▶ [Extracted records]
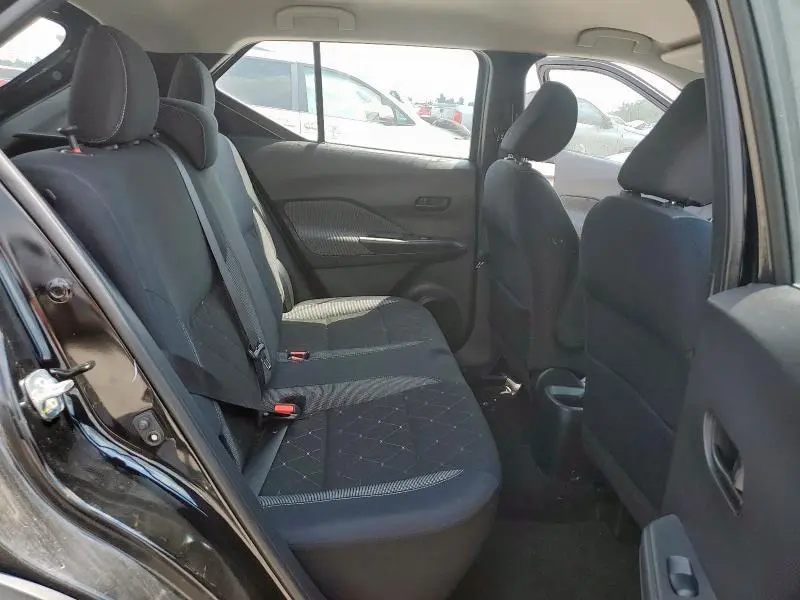 2019 NISSAN KICKS S  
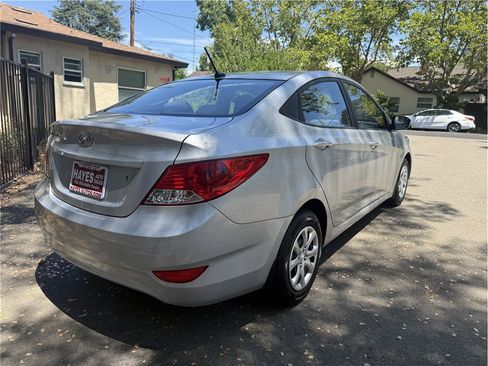 Used 2012 Hyundai Accent GLS FWD image 7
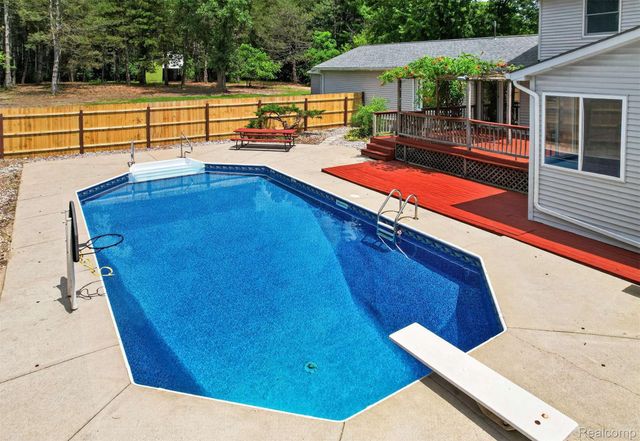 1437 E Cook Road, Grand Blanc Charter Township, MI 48439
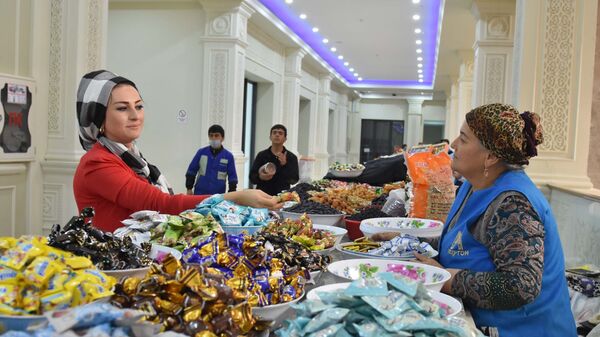 Покупатели на новом рынке Мехргон, архивное фото - Sputnik Таджикистан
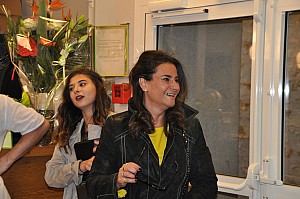 2019-05-04-(19h54)-dsc-0077-(mama-razzi).jpg 2019-05-04-(19h54)-dsc-0077-(mama-razzi).jpg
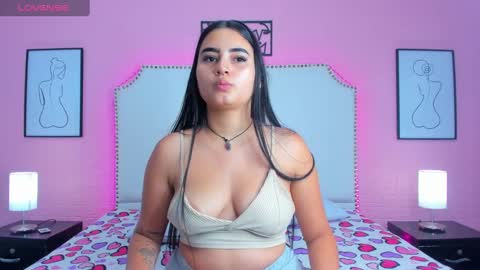 emma_whitee_ online show from 11/01/25, 01:02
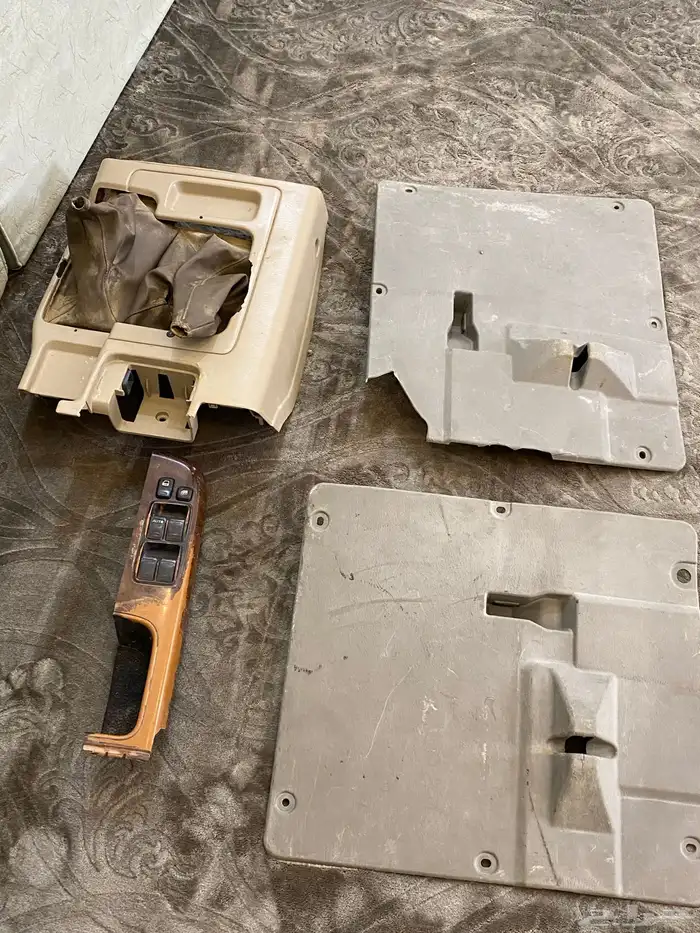 قطع ديكورات بترول نيسان 1998. وأثاث عزبة 9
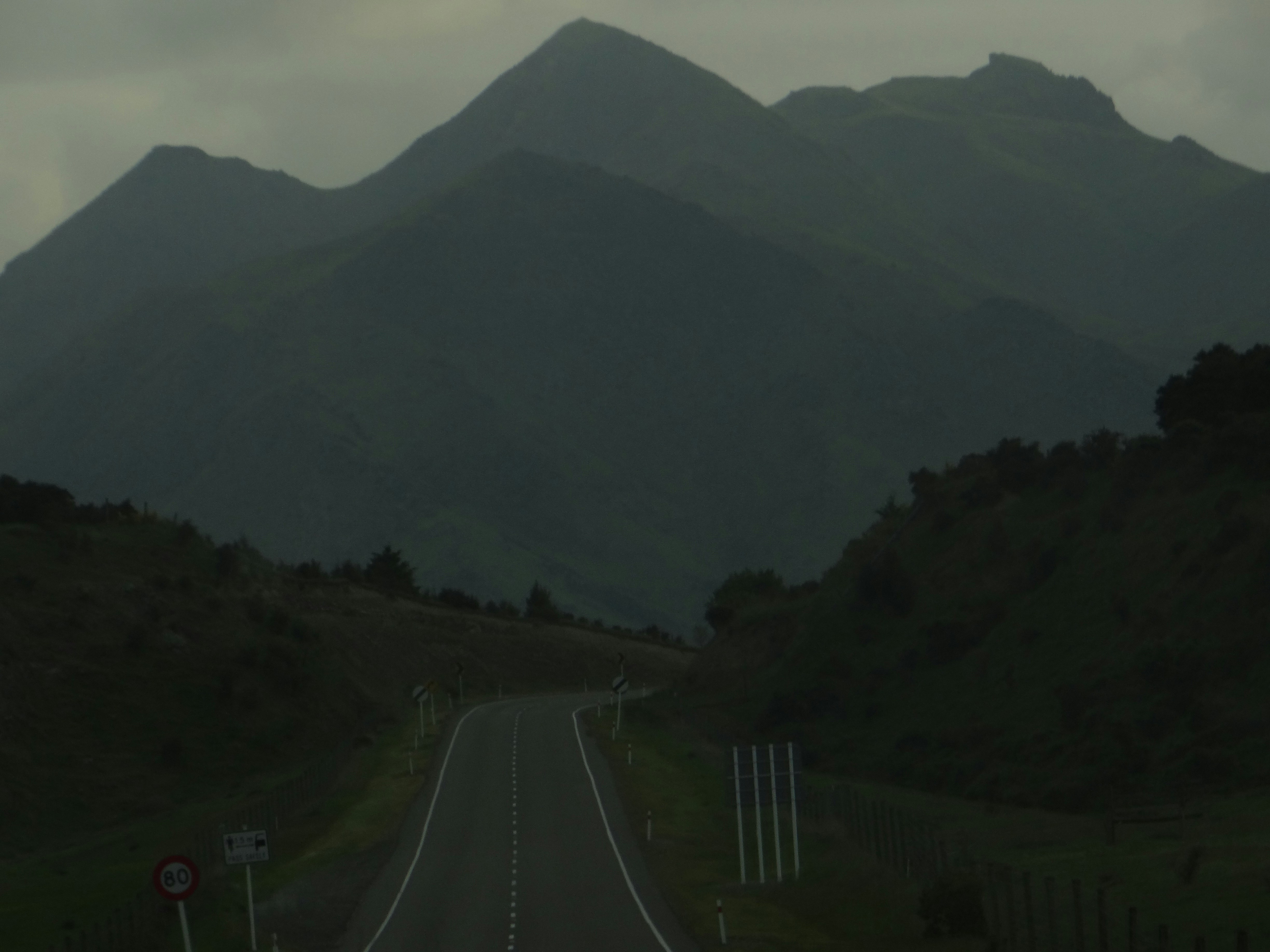 Eine lange Straße mit einem Berg im Hintergrund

▶ [Exercise] The pictures stay out of the copy. Set down the entries above precisely.

▶ [Output of the exercise]
 2019 NISSAN KICKS S  
 Used 2012 Hyundai Accent GLS FWD image 7
 1437 E Cook Road, Grand Blanc Charter Township, MI 48439
 Покупатели на новом рынке Мехргон, архивное фото - Sputnik Таджикистан
 2019-05-04-(19h54)-dsc-0077-(mama-razzi).jpg 2019-05-04-(19h54)-dsc-0077-(mama-razzi).jpg
 emma_whitee_ online show from 11/01/25, 01:02
 قطع ديكورات بترول نيسان 1998. وأثاث عزبة 9
 Eine lange Straße mit einem Berg im Hintergrund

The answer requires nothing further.